I am a dreamer. No, literally. I have incredibly vivid dreams with sights and sounds and strong emotions that are present long after I awake. I have the usual stress dreams that I think many people have in various versions. The one where I can’t remember my locker combination. The one where I’m running and some unknown creature is chasing me. The one when there is a ten-page paper due the next day and it’s 8:00 the night before and I haven’t started it. The one in which I am in my senior year of college and I’ve realized I probably don’t have enough credits to graduate, yet I can’t find the right office that will confirm this sad fact. The one when I arrive back to college in the fall and my single dorm room has been converted in to an eight-person dorm.

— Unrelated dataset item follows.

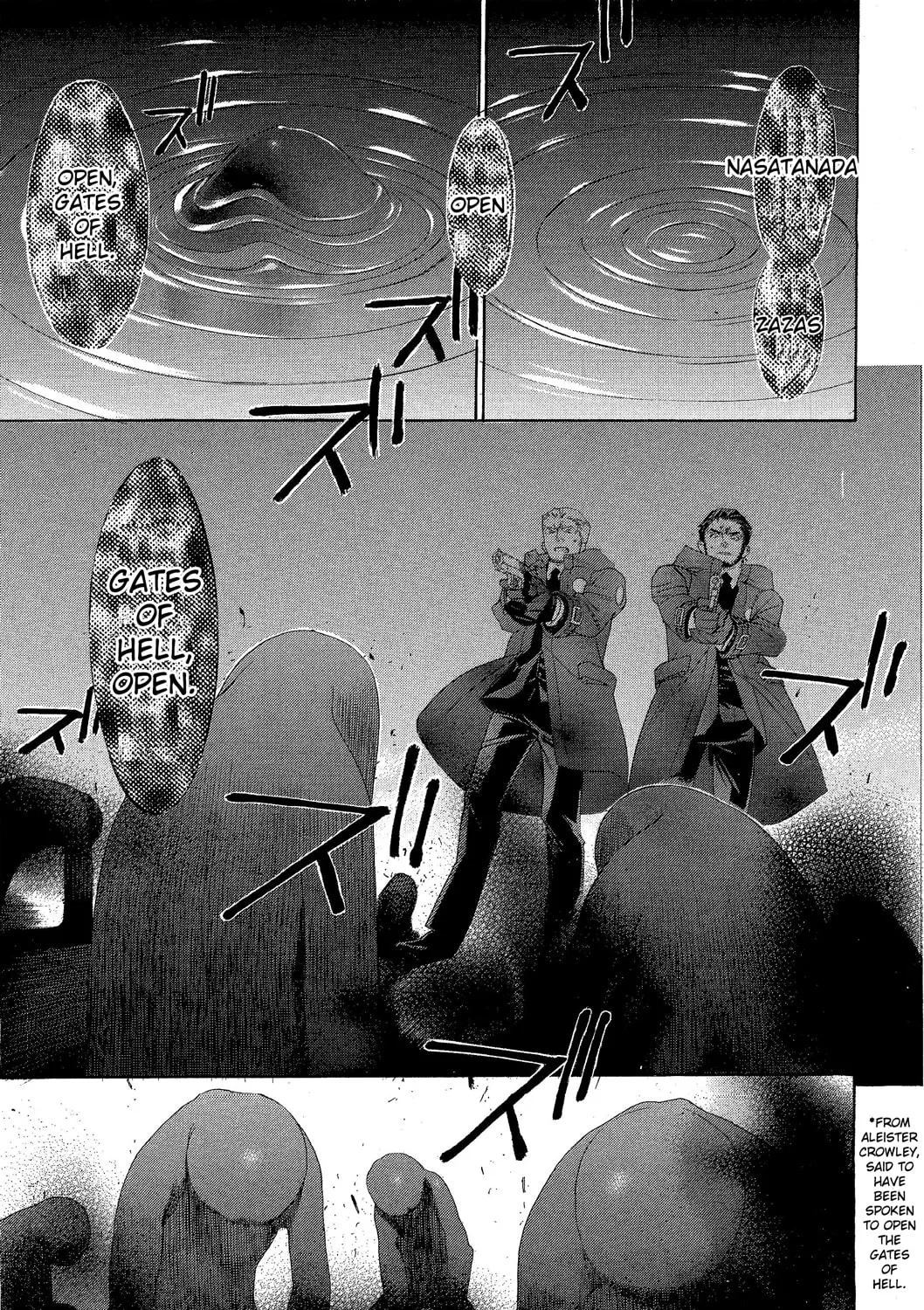 Read Trinity Blood chapter 74 image 16 on Lezhin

Yet for someone who is not afraid of flying, I seem to have an inordinate amount of plane crash dreams. I’m never in the planes, though. I am always on the ground, watching. My most frequent dream is one in which I am watching a jet go down fairly close to where I am standing. The plane goes down behind trees and all I can see is a burst of flames and screaming from the people around me. Sometimes I am closer and I see the entire thing: the plane going nose down, the screams of people as they watch in horror, the final crash as the plane hits the ground, the sound and smoke from the explosion.
Last night, however, I was directly in line with the wreckage. I watched as two planes, a jet and a smaller plane, played some sort of game in the sky. First one was in the lead, then the other, then finally the jet flew ahead of the smaller plane and make a sharp right turn. The smaller plane then crashed into the jet and they both went down. I was on the ground, and as the two planes came crashing down not more than a football field’s length in front of me, all I could think was “this is not happening.” But I was strangely calm. Then they both crashed down so hard the ground shook and huge chunks of debris began to tumble toward where I was standing. Yet while the other people around me screamed, ducked, and covered their heads, I just stood and watched. I saw the fuselage and huge chunks of wings and entire rows of seats soaring through the air and hitting the ground all around me. Yet I just stood there. I stood there and watched, calmly waiting to see if I would survive.

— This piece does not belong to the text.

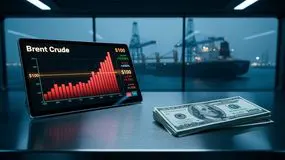 Revisi Proyeksi Komoditas: Gangguan Pasokan Teluk Dorong Brent ke Level Ratusan Dolar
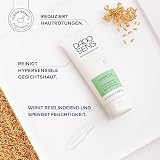 DADO SENS SENSACEA żel oczyszczający 100 ml, delikatne oczyszczanie twarzy i demakijaż, nawilżający i uspokajający w przypadku trądziku różowatego, do skóry wrażliwej, redukuje zaczerwienienia i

I’m not good at analyzing dreams, but from a literal point of view I was either suicidal or just plain dumb in this dream. But I know enough about dreams to know that one cannot take them at face value. These dreams of mine about plane crashes are not about aircraft or flying seats at all. I think (and this is only my own amateur interpretation) that these planes represent my life and how I want to live it. Think about it: years ago, when I was always pretending so I could fit into whatever situation I was in, my dreams were of a far off crash. I was seeing my life from far away and watching its potential crash somewhere in the distance. Now that I am making significant changes in what I am doing to live my fullest life, i.e., writing every day, actively searching for ways to control my chronic pain, hopping back on the Weight Watchers bandwagon, the plane crashed right in front of me. Not only that, but I did not cower. I did not scream out in fear. I just simply observed.
I guess one could say I stood up to the wreckage that could be my life if I didn’t change it. I stood up to the fear of what could potentially be a huge crash. And I did not shy away. So bring it on, life. I’m ready for whatever comes my way.